Geleneksel Dayanışma mı, Yoksa Tıbbi Risk mi?
Tarih boyunca toplumsal dayanışmanın simgesi olan süt annelik uygulaması, günümüzde tıp dünyasının merceğinde yeniden değerlendiriliyor. Uzmanlar, denetimsiz ve kontrolsüz süt annelik uygulamalarının enfeksiyon riski ve bağışıklık sorunlarına yol açabileceği konusunda aileleri uyarıyor.

Anne Sütü: Bir Biyolojik Kod ve Bağışıklık Mühendisliği
Zeynep Kamil Kadın ve Çocuk Hastalıkları Hastanesi’nden Prof. Dr. Sevilay Topçuoğlu, anne sütünün sadece besin değil, bebeğin bağışıklık sistemini şekillendiren bir biyolojik iletişim aracı olduğunu vurguluyor. “Anne sütü, bebeğin ilk aşısıdır,” diyen Topçuoğlu, süt içeriğinin yalnızca biyolojik anneye ait olmasının önemine dikkat çekiyor. Donör sütlerin ancak ciddi tıbbi gözetim altında ve pastörize edilerek kullanılabileceğini belirten Topçuoğlu, Türkiye’de süt bankası sistemlerinin eksikliğine işaret ediyor.

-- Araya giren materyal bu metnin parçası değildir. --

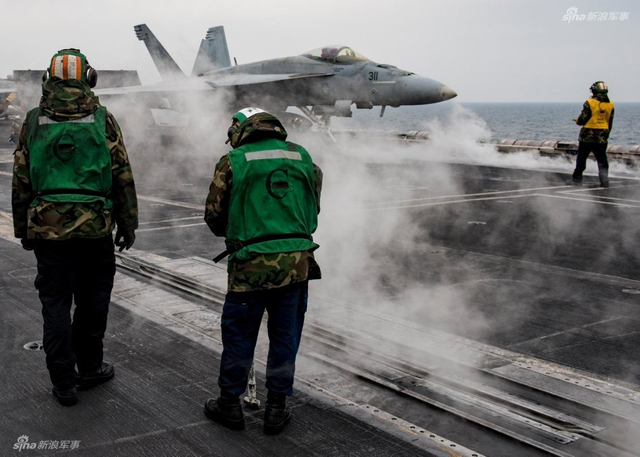 磨刀霍霍向朝鲜！美国航母打击群急速驶向韩国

Biyolojik Uyum Bozumu ve Enfeksiyon Riski
Yüzyıllardır uygulanan süt anneliği, prematüre bebekler gibi bağışıklığı zayıf gruplarda enfeksiyon bulaşma riski nedeniyle eleştiriliyor. Doç. Dr. Emre Dinçer, “Prematüre bebekler için verilen süt mutlaka laboratuvar kontrolünden geçmeli,” diyerek rastgele süt kullanımının bilimsel olarak kabul edilemeyeceğini belirtiyor. Ayrıca sütün gün içinde bile içeriğinin değiştiğini, sabah ve gece sütü arasında farklılıklar olduğunu hatırlatıyor.

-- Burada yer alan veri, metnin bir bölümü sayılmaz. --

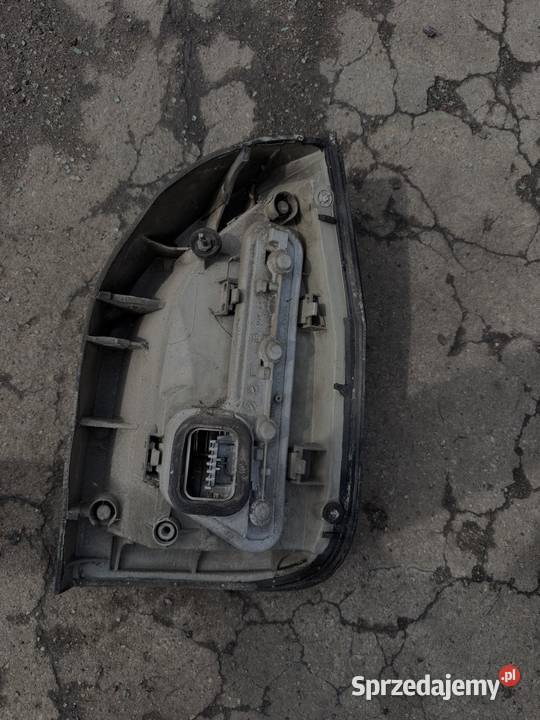 Lampa tył lewa Opel Zafira A osobowe wielkopolskie Ostrów Wielkopolski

Emzirmenin Psikolojik Boyutu ve Toplumsal Rolü
Dinçer, emzirmenin yalnızca fizyolojik değil, psikolojik etkilerinin de olduğunu söylüyor. Emzirme, annenin doğum sonrası kaygılarını azaltırken, postpartum depresyon riskini de düşürüyor. “Anne sütü, annenin kendine güvenini artıran duygusal bir bağdır,” diyen Dinçer, sürecin ruhsal boyutuna dikkat çekiyor.

Emzirme Oranlarını Artırmak İçin Toplumsal Destek Şart
Prof. Dr. Topçuoğlu, emzirmenin sadece bireysel bir sorumluluk olmadığını, toplumun anneleri desteklemesinin önemini vurguluyor. Kamusal alan düzenlemeleri ve çalışma koşullarının emzirme oranlarına doğrudan etkisi bulunuyor. UNICEF verilerine göre Türkiye’de bebeklerin sadece anne sütüyle beslenme oranı yaklaşık %40 seviyesinde. Dünya Sağlık Örgütü’nün 2025 hedefi ise bu oranı en az %50’ye çıkarmak.